Question

How do you solve \[\left( x-5 \right)\left( x+6 \right)=12\] ?

Answer 1

Hint: In order to solve this question, we will first multiply both the terms by expanding the brackets and solve the equation as a quadratic equation and we will simplify the equation by finding the roots and by applying quadratic equation formula that is, $\left( {{x}_{1}},{{x}_{2}} \right)=\dfrac{-b\pm \sqrt{{{b}^{2}}-4ac}}{2a}$, where $\left( {{x}_{1}},{{x}_{2}} \right)$ are the roots of the equation and $a,b,c$ are the coefficients of the expression.

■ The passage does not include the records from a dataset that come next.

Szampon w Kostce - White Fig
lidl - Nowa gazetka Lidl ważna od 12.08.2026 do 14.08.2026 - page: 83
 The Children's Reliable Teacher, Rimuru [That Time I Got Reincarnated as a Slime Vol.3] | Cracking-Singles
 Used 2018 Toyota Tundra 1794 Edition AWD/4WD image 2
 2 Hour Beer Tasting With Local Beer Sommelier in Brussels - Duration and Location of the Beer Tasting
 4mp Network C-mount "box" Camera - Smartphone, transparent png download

Complete step by step solution:
We have the given equation:
\[\left( x-5 \right)\left( x+6 \right)=12\]
First, we have to convert our equation in quadratic equation format.
Therefore, on expanding we get:
\[x\left( x+6 \right)-5\left( x+6 \right)=12\]
On simplifying, we get:
\[{{x}^{2}}+6x-5x-30=12\]
Now, on taking 12 at left hand side and simplifying, we get:
\[{{x}^{2}}+x-42=0\]
So, now we will solve with a quadratic formula.
Now for a quadratic equation in the form of $a{{x}^{2}}+bx+c=0$ , we will use the following quadratic equation formula: $\left( {{x}_{1}},{{x}_{2}} \right)=\dfrac{-b\pm \sqrt{{{b}^{2}}-4ac}}{2a}$
Therefore from the above equation and on comparing, we get \[a=1,b=1,c=-42\]
Now, substituting the values in formula we get: $\left( {{x}_{1}},{{x}_{2}} \right)=\dfrac{-\left( 1 \right)\pm \sqrt{{{\left( 1 \right)}^{2}}-4\times 1\times \left( -42 \right)}}{2\times 1}$
Now we will first simplify, root part in our equation:
$\Rightarrow \sqrt{{{1}^{2}}-4\times 1\times -42}$
Now, we will apply rule: $-\left( -a \right)=a$
So, we get our equation as:
$\Rightarrow \sqrt{{{1}^{2}}+4\times 1\times 42}$
Now, multiply and add the numbers. $\sqrt{{{1}^{2}}+168}$
So, we get:
$\Rightarrow \sqrt{168}$
Now, we will factor the number: $169={{13}^{2}}$
 $\Rightarrow \sqrt{{{13}^{2}}}$
Now, we will apply radical rule: $\sqrt[n]{{{a}^{n}}}=a$
So, we get:
$\Rightarrow 13$
Now coming to our equation and substituting what we equate, we get:
$\left( {{x}_{1}},{{x}_{2}} \right)=\dfrac{-1\pm 13}{2}$
Now, on separating the above equation, we get:
\[{{x}_{1}}=\dfrac{-1+13}{2},{{x}_{2}}=\dfrac{-1-13}{2}\]
On simplifying the solutions, we get:
\[{{x}_{1}}=\dfrac{12}{2},{{x}_{2}}=\dfrac{-14}{2}\]
On dividing the numbers, we get our solution as:
\[{{x}_{1}}=6,{{x}_{2}}=-7\]
Therefore, the solution to the quadratic equation are:
\[{{x}_{1}}=6\] and \[{{x}_{2}}=-7\]

Note: There are three forms of quadratic equation, Standard form:$y=a{{x}^{2}}+bx+c$ where $a,b,c$ are just numbers. Factored form:\[~y\text{ }=\text{ }\left( ax\text{ }+\text{ }c \right)\left( bx\text{ }+\text{ }d \right)\] again the $a,b,c,d$ are just numbers. Vertex form: \[y\text{ }=\text{ }a{{\left( x\text{ }+\text{ }b \right)}^{2}}\text{ }+\text{ }c\] again the $a,b,c$ are just numbers.
We have to identify by looking at the equation which form we have to use, then only we can solve the equation.
As we have a standard form of quadratic equation, we can verify the answer by substituting the answer in the original equation.